Simulating the pP design using the default test program (test1A.ppe) yields the following trace:

```plaintext
#  0: JUMP 16
#  16: ENAI
#  17: ADD R1, R0, 10
#  18: STM R1, 0
#  19: SUB R1, R1, 1
#  20: BNZ -3
#  18: STM R1, 0
#  19: SUB R1, R1, 1
#  20: BNZ -3
#  18: STM R1, 0
#  19: SUB R1, R1, 1
#  20: BNZ -3
#  18: STM R1, 0
#  19: SUB R1, R1, 1
#  20: BNZ -3
#  18: STM R1, 0
#  19: SUB R1, R1, 1
#  20: BNZ -3
#  18: STM R1, 0
#  19: SUB R1, R1, 1
#  20: BNZ -3
#  18: STM R1, 0
#  19: SUB R1, R1, 1
#  20: BNZ -3
#  18: STM R1, 0
# Interrupt acknowledged at PC = 19
#  1: RETI
#  19: SUB R1, R1, 1
#  20: BNZ -3
#  18: STM R1, 0
#  19: SUB R1, R1, 1
#  20: BNZ -3
#  18: STM R1, 0
#  19: SUB R1, R1, 1
#  20: BNZ -3
#  18: STM R1, 0
#  19: SUB R1, R1, 1
#  20: BNZ -3
#  18: STM R1, 0
#  19: SUB R1, R1, 1
#  20: BNZ -3
#  18: STM R1, 0
#  19: SUB R1, R1, 1
#  20: BNZ -3
#  21: JUMP 21
#  21: JUMP 21
#  21: JUMP 21
#  21: JUMP 21
#  21: JUMP 21
#  21: JUMP 21
#  21: JUMP 21
#  21: JUMP 21
#  21: JUMP 21
```
The single- and multi-cycle models will execute with different timings, so the interleaving of interrupt requests, interrupt handler instructions and main program instructions will differ between the models. However the final outcome of a program will be the same.
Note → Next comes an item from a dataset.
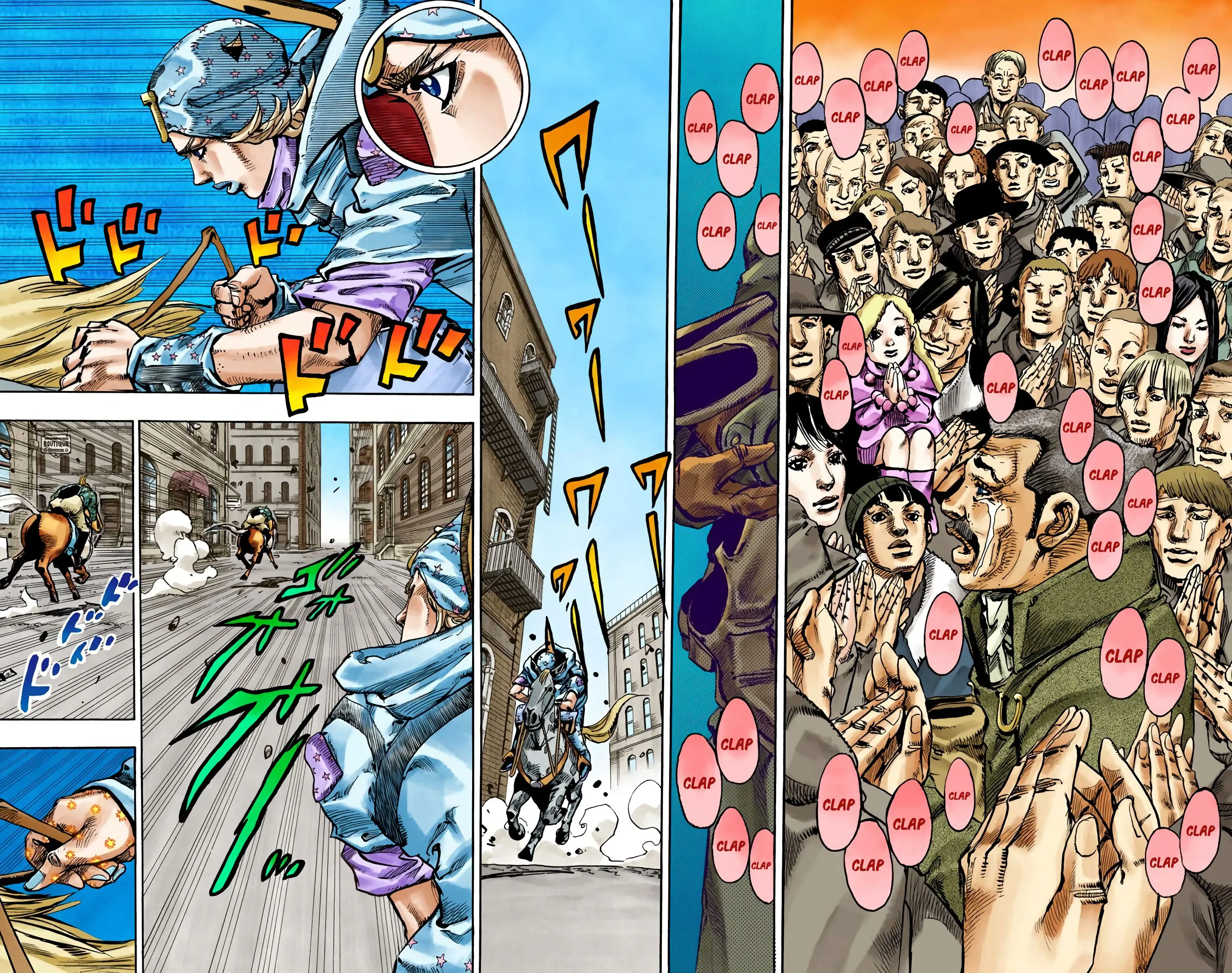 Read JoJo’s Bizarre Adventure  Steel Ball Run fr Manga Online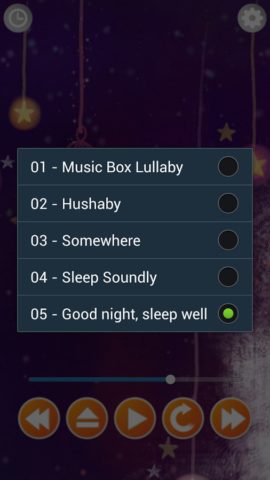 Lullabies Relax & Sleep Baby per Android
If a program executes I/O instructions, trace lines similar to the following are produced:

```
# 1: INP R7, 0
# IO: port read; address = 0, data = 00001100
```

This is the form of output produced by the multi-cycle model. With the single-cycle model, the trace line generated by an instruction is emitted at the end of a cycle. As a consequence, the “IO: port read ...” trace line actually appears before the “INP ...” trace line.

Discussion

It should be noted that the test programs are far from comprehensive. Collectively, the programs do not exercise all instructions (although at least one from each class in the ISA is used). They are more useful for debugging the VHDL code of the model, rather than for exploring and verifying the behavior of the specific processor design models. Further, the test bench in which the processor models are being investigated is quite simplistic.

To improve the comprehensiveness of the test programs, an important consideration is the investigation of boundary conditions. For example, the test program test2.ppe aims to verify that the carry bit is used properly by executing various ADDC and SUBC instructions that subtract one from zero, add one to 255, etc. This is the only code in the suite that explicitly aims to verify the operation of a particular instruction under circumstances where subtle errors are likely to be revealed. The test programs could be expanded to cover other boundary conditions.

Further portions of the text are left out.